Because of that, Future owns the moment, it’s a home game for him, and feels like the Floyd Mayweather-Conor McGregor rumble from earlier this year: Yes, Conor was able to hold his own because boxing is a close enough arena to what he’s most comfortable with, but eventually Mayweather’s prowess won out. Thug’s performance is commendable, as he’s able to keep up with a living legend in his comfort zone, but as the album goes on — and especially on Future’s rambunctious solo efforts “Feed Me Dope” and “4 Da Gang” — the victory becomes clearer and clearer as the sound becomes more distinctively defined as Future’s.
Contrast that to the more organic synthesis of creating a wholly new entity, like Thug and Rich Homie Quan’s Rich Gang Tha Tour, or Big Sean and Jhene Aiko’s TWENTY88 and Lil Wayne and 2 Chainz’s Collegrove. Neither is better or worse than the other, but with Rich Gang you got a Rich Gang album and similarly to this record, What A Time felt like a Future album with guest appearances from Drake.
Which is not to say Super Slimey is a bad album, it’s quite good in fact. But it feels a lot like Thug’s personality and out-of-left-field sonic identity was curtailed a tad to make room for Future’s overwhelming presence. If Future doesn’t take up more airspace than Thug on the album, it certainly feels like he does, and right from the gate two Future verses sandwich a brief stanza by Thug on the album’s opener “No Cap.”
Surely, Thug was happy to make that sort of artistic sacrifice, as he’s sure to get the same kind of commercial rub from Future that Future received from Drake two years ago with What A Time.
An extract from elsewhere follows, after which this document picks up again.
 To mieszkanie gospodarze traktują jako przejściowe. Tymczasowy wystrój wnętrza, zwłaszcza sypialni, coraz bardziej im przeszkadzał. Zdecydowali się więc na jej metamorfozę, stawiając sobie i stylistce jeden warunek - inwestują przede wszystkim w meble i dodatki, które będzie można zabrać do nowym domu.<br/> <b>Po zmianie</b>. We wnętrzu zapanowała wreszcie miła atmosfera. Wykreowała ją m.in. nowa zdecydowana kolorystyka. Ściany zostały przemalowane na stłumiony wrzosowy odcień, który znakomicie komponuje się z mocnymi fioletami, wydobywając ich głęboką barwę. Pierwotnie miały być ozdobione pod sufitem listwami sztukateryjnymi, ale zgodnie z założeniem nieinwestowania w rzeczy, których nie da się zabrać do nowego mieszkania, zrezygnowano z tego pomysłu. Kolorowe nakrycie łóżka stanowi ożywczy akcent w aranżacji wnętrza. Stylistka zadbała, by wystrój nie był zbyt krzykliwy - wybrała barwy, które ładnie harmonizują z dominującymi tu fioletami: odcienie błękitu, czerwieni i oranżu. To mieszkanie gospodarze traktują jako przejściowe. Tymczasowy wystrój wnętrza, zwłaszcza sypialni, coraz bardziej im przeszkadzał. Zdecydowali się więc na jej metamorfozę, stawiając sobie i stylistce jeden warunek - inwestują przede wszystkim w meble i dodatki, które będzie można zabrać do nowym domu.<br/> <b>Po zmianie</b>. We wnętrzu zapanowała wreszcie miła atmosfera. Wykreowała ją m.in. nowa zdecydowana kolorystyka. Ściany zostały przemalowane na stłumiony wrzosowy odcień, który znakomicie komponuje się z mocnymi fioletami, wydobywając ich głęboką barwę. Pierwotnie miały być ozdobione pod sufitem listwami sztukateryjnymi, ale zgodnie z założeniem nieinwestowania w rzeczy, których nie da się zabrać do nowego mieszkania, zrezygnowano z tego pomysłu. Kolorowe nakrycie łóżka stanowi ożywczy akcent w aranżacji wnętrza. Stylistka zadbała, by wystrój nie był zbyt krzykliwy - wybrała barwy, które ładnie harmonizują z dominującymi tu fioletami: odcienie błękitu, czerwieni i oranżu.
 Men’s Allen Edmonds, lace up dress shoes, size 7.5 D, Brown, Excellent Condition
It may be the bump he needs to secure his first-ever No. 1 album and to make that daunting leap from burgeoning star to actual star. If it doesn’t push him into the next stage of his career and raise his profile, Thug at least went toe to toe with Atlanta’s current King and came out stronger for it.
For Future, it’s a sharpening his steel kind of moment as he proved his mettle next to one of the most exuberant and overwhelming sonic personalities in rap’s current landscape. Eventually, it’ll settle right in the middle of his stellar 2017, resting between HNDRXX and Future as a perfectly fine album from the man who bumped shoulders with giants like Jay-Z and Kendrick Lamar and still forced his way into album of the year discussions.
In the end, Super Slimey is a perfect barometer of just where Thug and Future are in their respective career arcs. For the 26-year-old Thug, who still has plenty of room to grow both artistically and commercially, it’s his best offering of the year, a supersonic burst of effervescence over hyper-speed production. For 33-year-old Future, at his artistic and commercial peak, it’s a middle-of-the-pack offering that looks easy for him, like a casual stroll into his comfort zone.
With Thug and Future separate, the tradition of exciting and intriguing Atlanta rappers remains as strong as ever, but putting them together displays how impactful and trendsetting they truly are. At its most basic, Super Slimey is a trap album, yes, but it’s the trap album where the trappers have seven-car garages, run out of room, and effectively leveled the genre up. Even at just 41 minutes, it feels like the beginning of the next trend out of Georgia’s hit-making epicenter, a series of charismatic and sprightly lyrical dances through dynamic and lurid Atlanta-based production — all in fifth gear with the pedal to the floor.